● Try it
When you return the data, keep each character exactly as it appears.

---------- Data in this exercise ----------

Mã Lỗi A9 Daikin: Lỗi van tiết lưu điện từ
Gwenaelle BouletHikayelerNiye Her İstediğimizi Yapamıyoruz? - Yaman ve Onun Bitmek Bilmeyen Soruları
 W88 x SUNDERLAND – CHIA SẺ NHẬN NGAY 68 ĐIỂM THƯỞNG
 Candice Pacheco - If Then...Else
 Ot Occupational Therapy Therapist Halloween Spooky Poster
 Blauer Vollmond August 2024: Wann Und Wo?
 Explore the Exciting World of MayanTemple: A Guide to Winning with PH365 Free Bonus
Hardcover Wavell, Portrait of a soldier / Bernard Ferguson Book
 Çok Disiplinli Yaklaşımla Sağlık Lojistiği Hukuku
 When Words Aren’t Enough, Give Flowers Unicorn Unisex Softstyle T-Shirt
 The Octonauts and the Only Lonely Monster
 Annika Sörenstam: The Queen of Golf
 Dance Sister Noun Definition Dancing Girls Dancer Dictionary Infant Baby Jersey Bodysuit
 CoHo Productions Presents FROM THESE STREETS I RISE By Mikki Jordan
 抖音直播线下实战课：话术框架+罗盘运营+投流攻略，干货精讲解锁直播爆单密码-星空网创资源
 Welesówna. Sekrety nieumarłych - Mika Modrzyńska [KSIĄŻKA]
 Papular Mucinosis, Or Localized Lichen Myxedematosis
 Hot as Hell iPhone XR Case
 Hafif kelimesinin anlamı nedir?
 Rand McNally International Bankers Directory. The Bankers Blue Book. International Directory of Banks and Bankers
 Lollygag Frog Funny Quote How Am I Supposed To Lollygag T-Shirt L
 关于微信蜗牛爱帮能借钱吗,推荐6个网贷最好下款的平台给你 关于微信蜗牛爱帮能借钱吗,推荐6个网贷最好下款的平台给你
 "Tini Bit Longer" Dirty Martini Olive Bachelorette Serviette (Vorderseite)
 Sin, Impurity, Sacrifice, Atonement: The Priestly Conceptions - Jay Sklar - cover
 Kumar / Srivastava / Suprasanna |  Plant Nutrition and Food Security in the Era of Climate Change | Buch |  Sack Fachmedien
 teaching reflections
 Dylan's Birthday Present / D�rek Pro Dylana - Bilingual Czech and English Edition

----------

● Task result
Mã Lỗi A9 Daikin: Lỗi van tiết lưu điện từ
Gwenaelle BouletHikayelerNiye Her İstediğimizi Yapamıyoruz? - Yaman ve Onun Bitmek Bilmeyen Soruları
 W88 x SUNDERLAND – CHIA SẺ NHẬN NGAY 68 ĐIỂM THƯỞNG
 Candice Pacheco - If Then...Else
 Ot Occupational Therapy Therapist Halloween Spooky Poster
 Blauer Vollmond August 2024: Wann Und Wo?
 Explore the Exciting World of MayanTemple: A Guide to Winning with PH365 Free Bonus
Hardcover Wavell, Portrait of a soldier / Bernard Ferguson Book
 Çok Disiplinli Yaklaşımla Sağlık Lojistiği Hukuku
 When Words Aren’t Enough, Give Flowers Unicorn Unisex Softstyle T-Shirt
 The Octonauts and the Only Lonely Monster
 Annika Sörenstam: The Queen of Golf
 Dance Sister Noun Definition Dancing Girls Dancer Dictionary Infant Baby Jersey Bodysuit
 CoHo Productions Presents FROM THESE STREETS I RISE By Mikki Jordan
 抖音直播线下实战课：话术框架+罗盘运营+投流攻略，干货精讲解锁直播爆单密码-星空网创资源
 Welesówna. Sekrety nieumarłych - Mika Modrzyńska [KSIĄŻKA]
 Papular Mucinosis, Or Localized Lichen Myxedematosis
 Hot as Hell iPhone XR Case
 Hafif kelimesinin anlamı nedir?
 Rand McNally International Bankers Directory. The Bankers Blue Book. International Directory of Banks and Bankers
 Lollygag Frog Funny Quote How Am I Supposed To Lollygag T-Shirt L
 关于微信蜗牛爱帮能借钱吗,推荐6个网贷最好下款的平台给你 关于微信蜗牛爱帮能借钱吗,推荐6个网贷最好下款的平台给你
 "Tini Bit Longer" Dirty Martini Olive Bachelorette Serviette (Vorderseite)
 Sin, Impurity, Sacrifice, Atonement: The Priestly Conceptions - Jay Sklar - cover
 Kumar / Srivastava / Suprasanna |  Plant Nutrition and Food Security in the Era of Climate Change | Buch |  Sack Fachmedien
 teaching reflections
 Dylan's Birthday Present / D�rek Pro Dylana - Bilingual Czech and English Edition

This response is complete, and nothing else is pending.